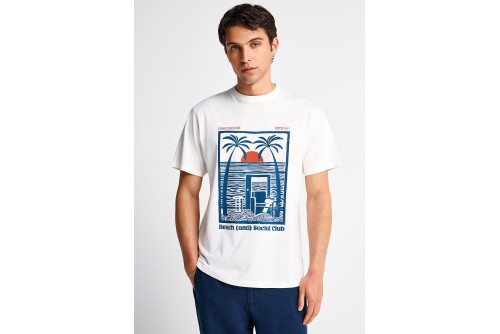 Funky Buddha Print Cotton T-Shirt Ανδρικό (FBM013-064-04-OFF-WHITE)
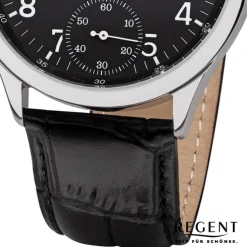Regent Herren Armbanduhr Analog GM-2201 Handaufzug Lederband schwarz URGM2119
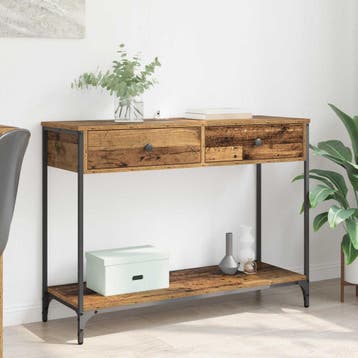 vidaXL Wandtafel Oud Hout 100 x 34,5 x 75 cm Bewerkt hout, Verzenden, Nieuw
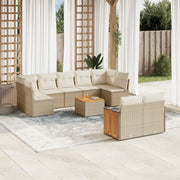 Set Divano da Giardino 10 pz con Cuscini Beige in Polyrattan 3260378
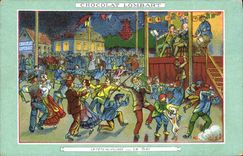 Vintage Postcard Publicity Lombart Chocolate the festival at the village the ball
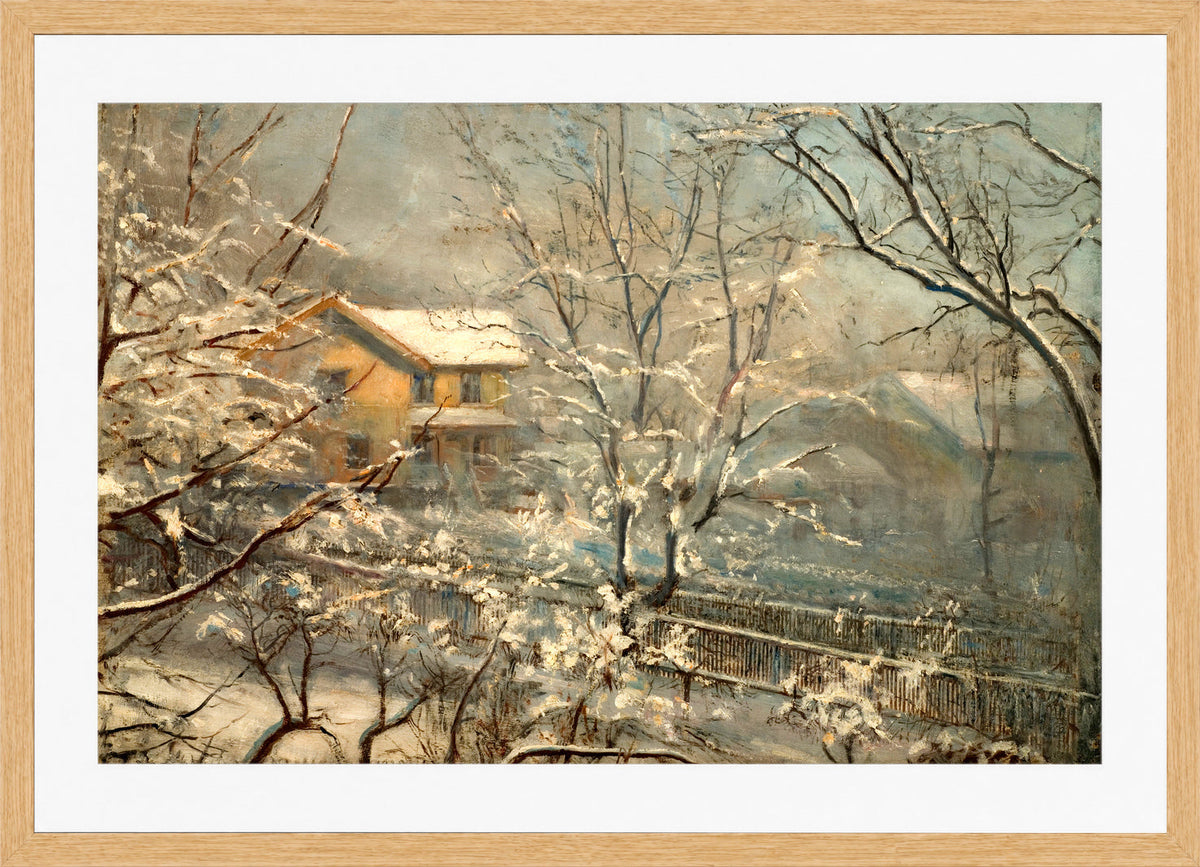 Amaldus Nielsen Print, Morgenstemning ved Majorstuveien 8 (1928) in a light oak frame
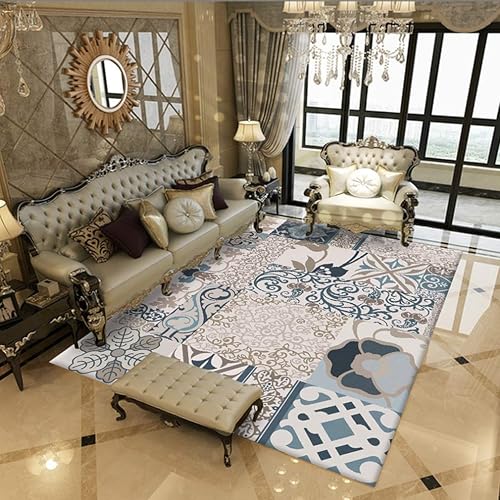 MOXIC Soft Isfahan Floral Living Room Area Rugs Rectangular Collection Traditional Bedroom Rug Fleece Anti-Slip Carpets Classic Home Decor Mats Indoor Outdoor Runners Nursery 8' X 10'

---*---

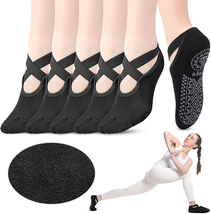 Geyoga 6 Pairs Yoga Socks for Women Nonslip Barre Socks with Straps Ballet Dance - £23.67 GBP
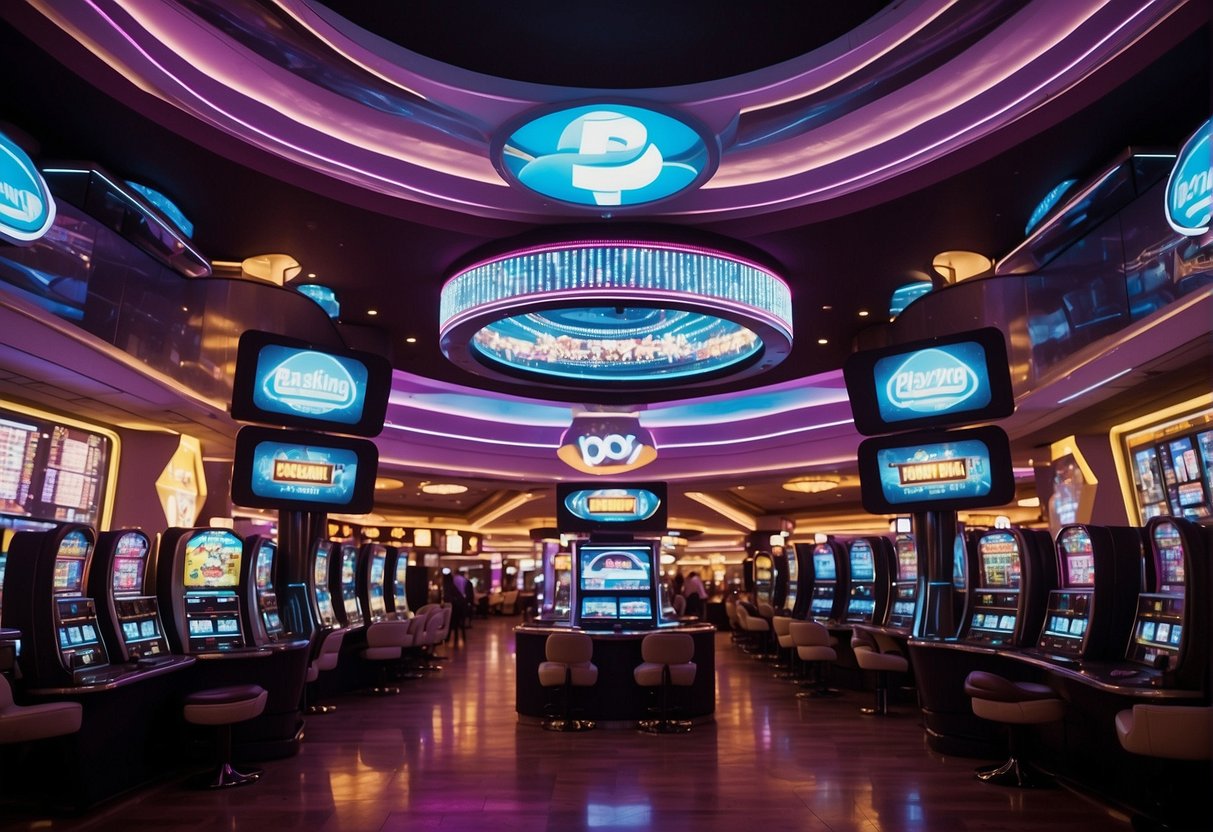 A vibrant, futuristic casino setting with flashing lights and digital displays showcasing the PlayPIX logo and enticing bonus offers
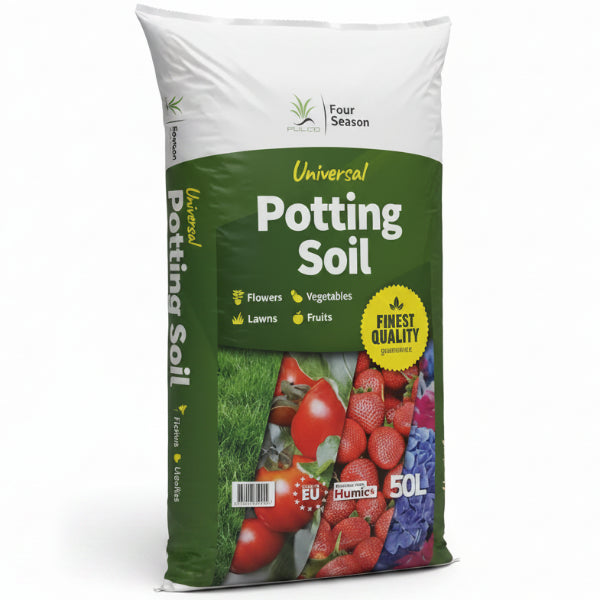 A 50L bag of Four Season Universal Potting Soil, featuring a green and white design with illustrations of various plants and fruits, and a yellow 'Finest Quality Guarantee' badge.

---*---

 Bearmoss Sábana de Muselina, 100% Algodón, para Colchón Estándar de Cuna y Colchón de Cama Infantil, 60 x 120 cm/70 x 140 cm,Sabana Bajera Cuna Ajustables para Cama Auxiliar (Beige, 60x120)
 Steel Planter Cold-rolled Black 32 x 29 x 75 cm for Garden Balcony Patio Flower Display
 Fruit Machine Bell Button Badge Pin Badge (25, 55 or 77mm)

---*---

[Exercise instructions]: Give the lines above again exactly, from the one containing "Funky Buddha Print" to the one containing "Amaldus Nielsen Print, Morgenstemning", both included, but leave out the pictures.

[Exercise result]:
 Funky Buddha Print Cotton T-Shirt Ανδρικό (FBM013-064-04-OFF-WHITE)
Regent Herren Armbanduhr Analog GM-2201 Handaufzug Lederband schwarz URGM2119
 vidaXL Wandtafel Oud Hout 100 x 34,5 x 75 cm Bewerkt hout, Verzenden, Nieuw
 Set Divano da Giardino 10 pz con Cuscini Beige in Polyrattan 3260378
 Vintage Postcard Publicity Lombart Chocolate the festival at the village the ball
 Amaldus Nielsen Print, Morgenstemning ved Majorstuveien 8 (1928) in a light oak frame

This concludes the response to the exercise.